■ Activity: Output every record exactly, apart from its images.

■ Dataset records:

= Beginning of Section =

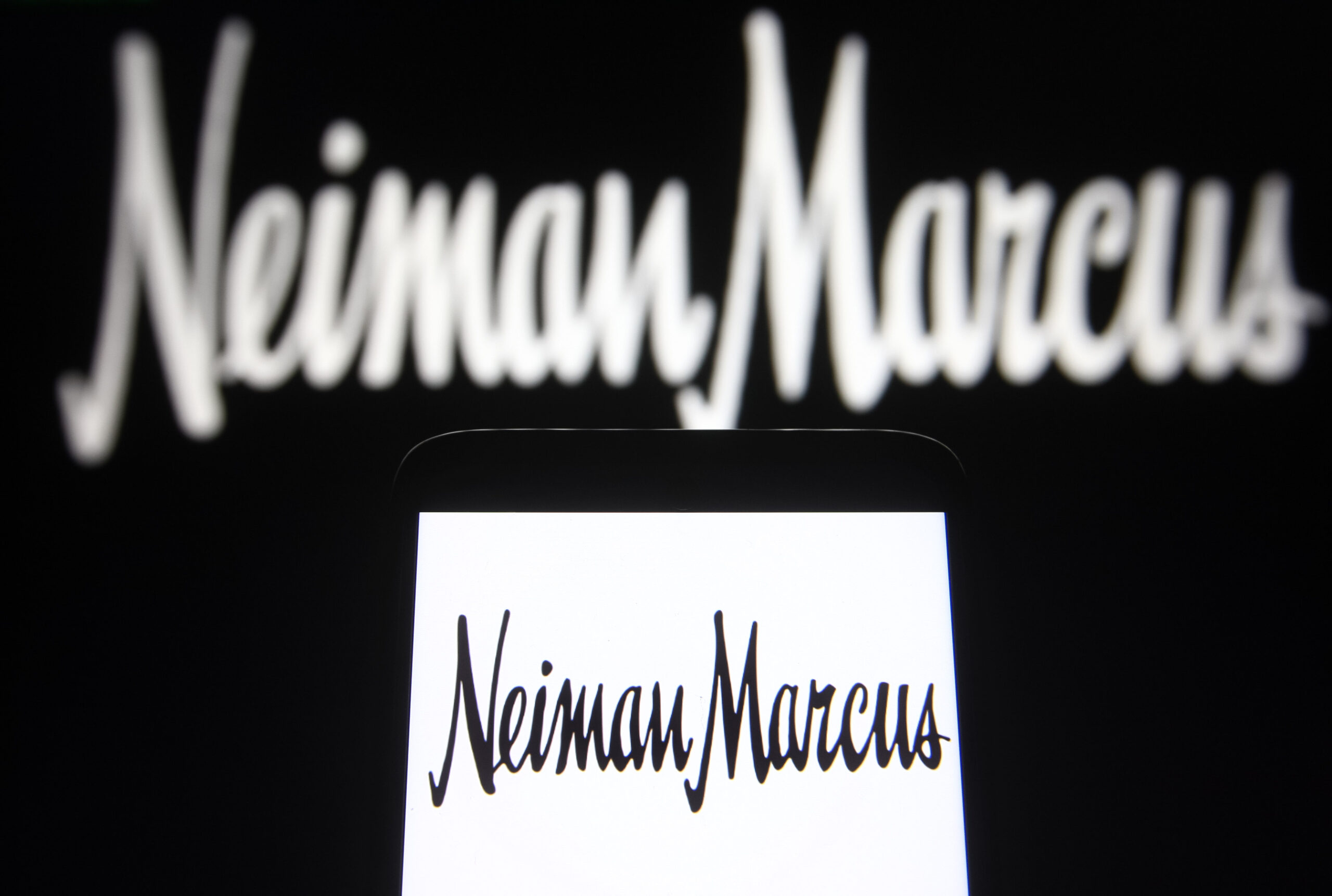 In this photo illustration a Neiman Marcus Group, Inc. logo is seen on a smartphone and a pc screen.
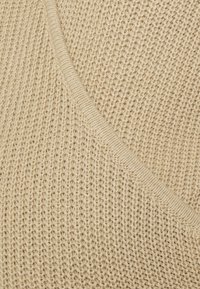 Tissu tricoté beige clair avec une texture lâche, présentant un accent de couture diagonale et un bord côtelé lisse et robuste.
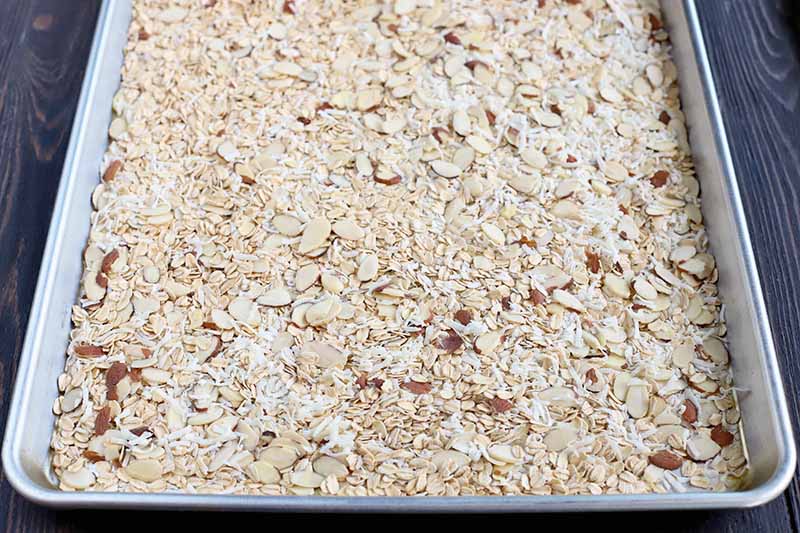 A large rimmed sheet pan of sliced almonds, shredded coconut, and uncooked oats, on a dark brown wood surface.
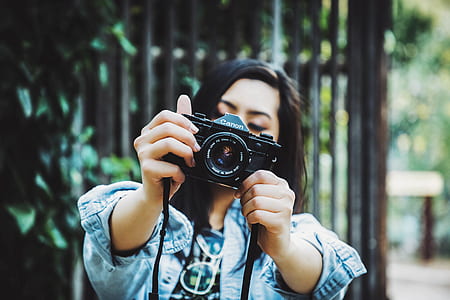 woman wearing blue chambray jacket holding black Canon DSLR camera thumbnail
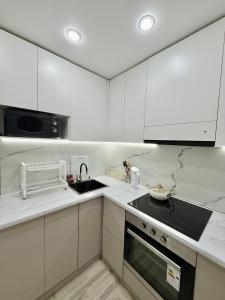 eine weiße Küche mit Spüle und Herd in der Unterkunft 1,5-комнатная квартира в центре города in Öskemen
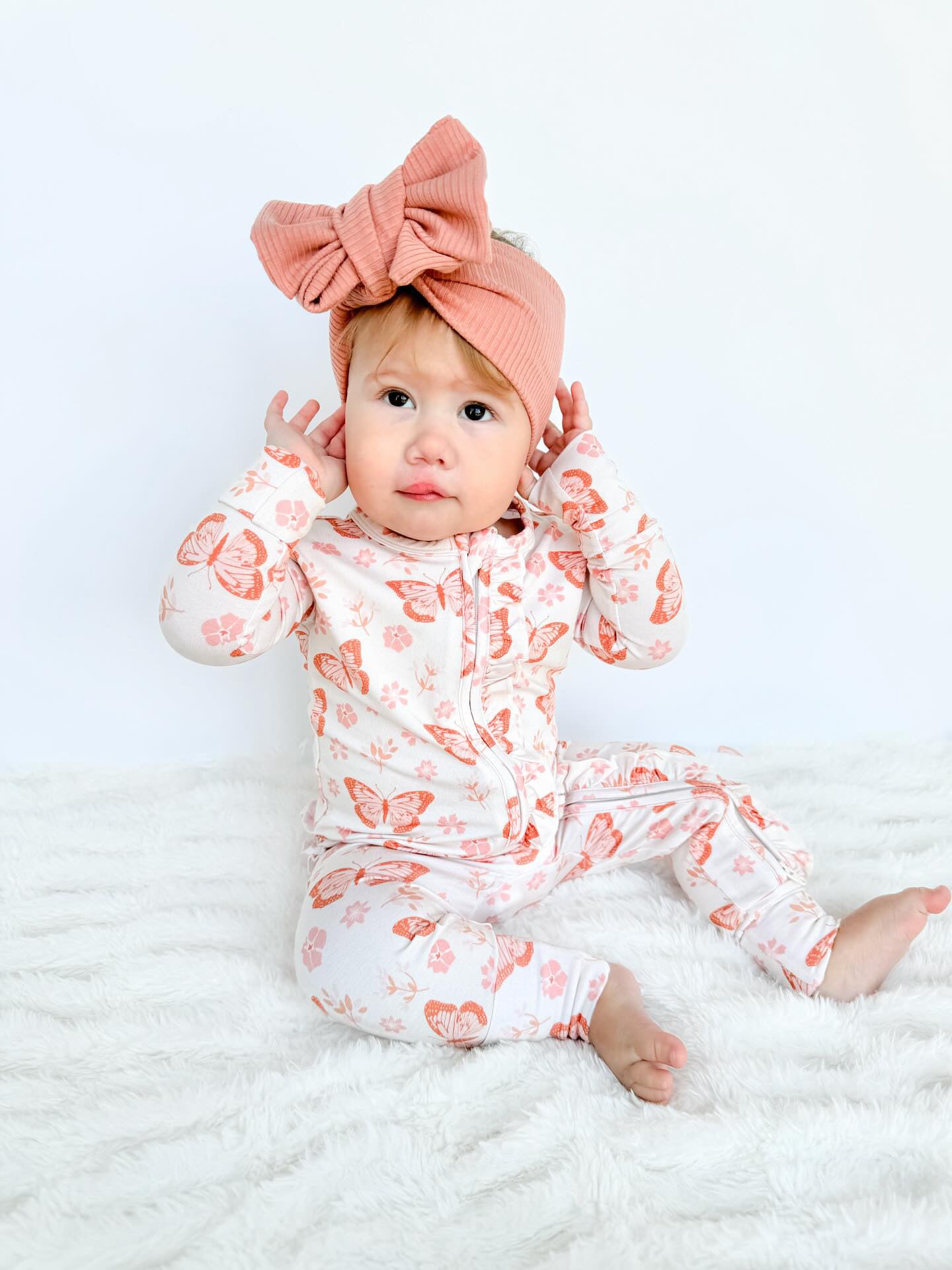 Baby girl bamboo pajama footie featuring a butterfly floral print. Soft and cozy baby bamboo.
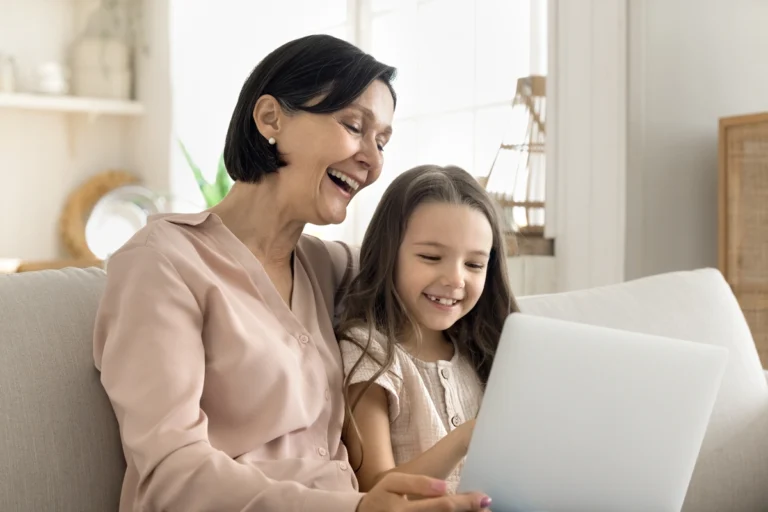 Grandmother sitting with granddaughter on couch using a laptop.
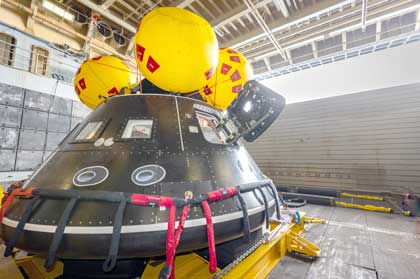 Aboard the USS John P. Murtha, NASA and Department of Defense personnel practice recovery operations for Artemis II in July. A crew module test article is used to help verify the recovery team will be ready to recovery the Artemis II crew and the Orion spacecraft. Credits: NASA/Frank Michaux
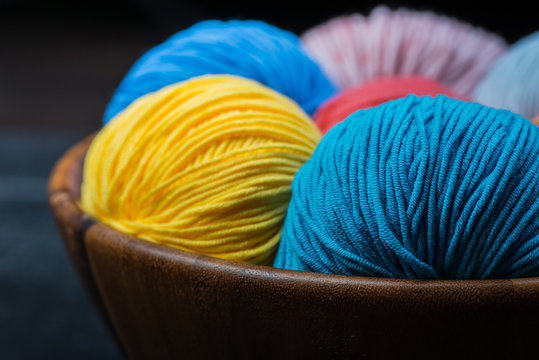 Colorful knitting yarn balls in basket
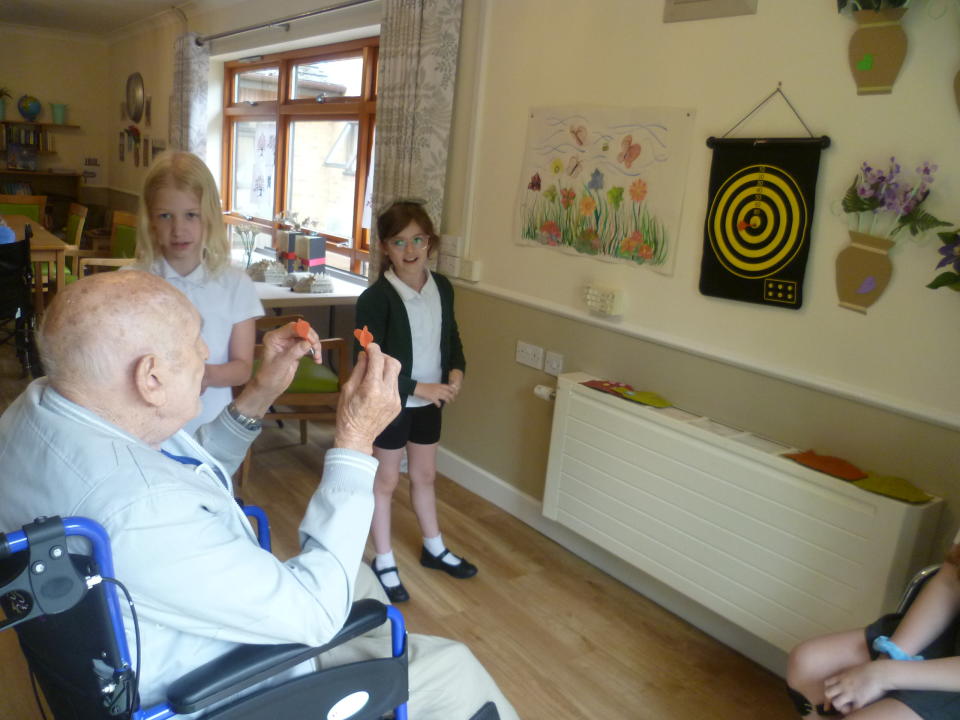 Man playing darts and girls looking at him 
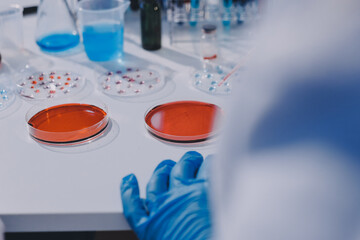 Researcher using a professional microscope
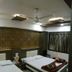 Nice Guest House Mumbai room with two beds, patterned accent wall, ceiling fan, and curtained window
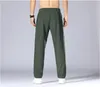 2024 Yoga LL Pantaloni lunghi da jogging da uomo Sport Yoga Outfit Outdoor City-Sweat Yogo Gym Tasche LL Pantaloni sportivi Pantaloni Uomo Casual Elastico in vita fitness LU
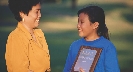 Photograph of a smiling woman and girl. Girl holds a plaque.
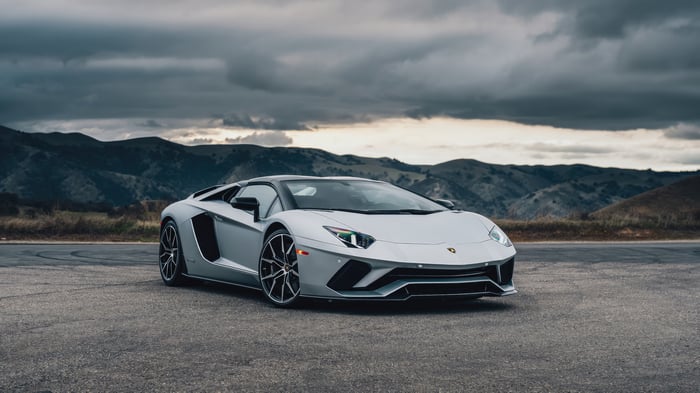 Silver Lamborghini Aventador V12 on a road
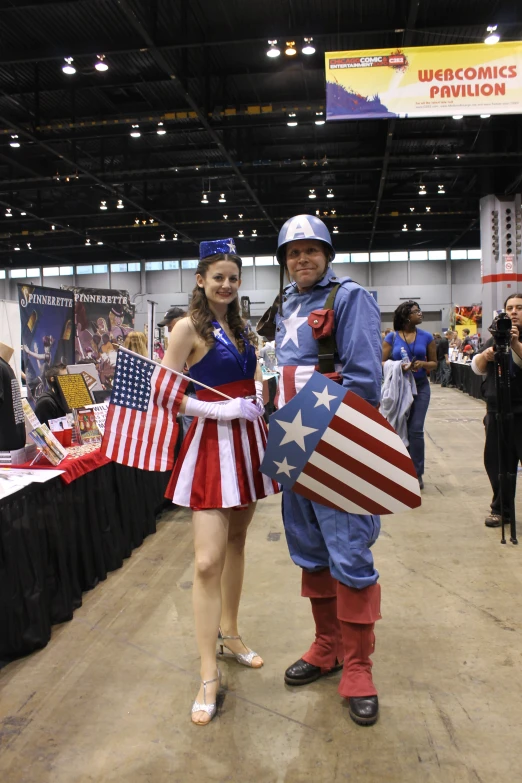 a man and woman standing next to each other at an event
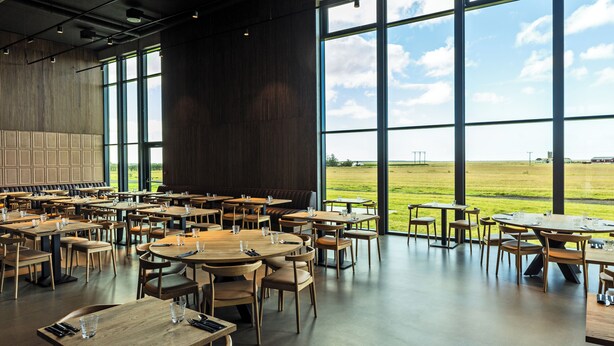A spacious dining area with multiple tables and chairs, large windows offering a view of the outdoors. - Hotel Loa (Rangárþing eystra)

= End of Section =

■ Written solution:
 In this photo illustration a Neiman Marcus Group, Inc. logo is seen on a smartphone and a pc screen.
 Tissu tricoté beige clair avec une texture lâche, présentant un accent de couture diagonale et un bord côtelé lisse et robuste.
 A large rimmed sheet pan of sliced almonds, shredded coconut, and uncooked oats, on a dark brown wood surface.
 woman wearing blue chambray jacket holding black Canon DSLR camera thumbnail
 eine weiße Küche mit Spüle und Herd in der Unterkunft 1,5-комнатная квартира в центре города in Öskemen
 Baby girl bamboo pajama footie featuring a butterfly floral print. Soft and cozy baby bamboo.
 Grandmother sitting with granddaughter on couch using a laptop.
 Aboard the USS John P. Murtha, NASA and Department of Defense personnel practice recovery operations for Artemis II in July. A crew module test article is used to help verify the recovery team will be ready to recovery the Artemis II crew and the Orion spacecraft. Credits: NASA/Frank Michaux
 Colorful knitting yarn balls in basket
 Man playing darts and girls looking at him 
 Researcher using a professional microscope
 Nice Guest House Mumbai room with two beds, patterned accent wall, ceiling fan, and curtained window
 2024 Yoga LL Pantaloni lunghi da jogging da uomo Sport Yoga Outfit Outdoor City-Sweat Yogo Gym Tasche LL Pantaloni sportivi Pantaloni Uomo Casual Elastico in vita fitness LU
 Photograph of a smiling woman and girl. Girl holds a plaque.
 Silver Lamborghini Aventador V12 on a road
 a man and woman standing next to each other at an event
A spacious dining area with multiple tables and chairs, large windows offering a view of the outdoors. - Hotel Loa (Rangárþing eystra)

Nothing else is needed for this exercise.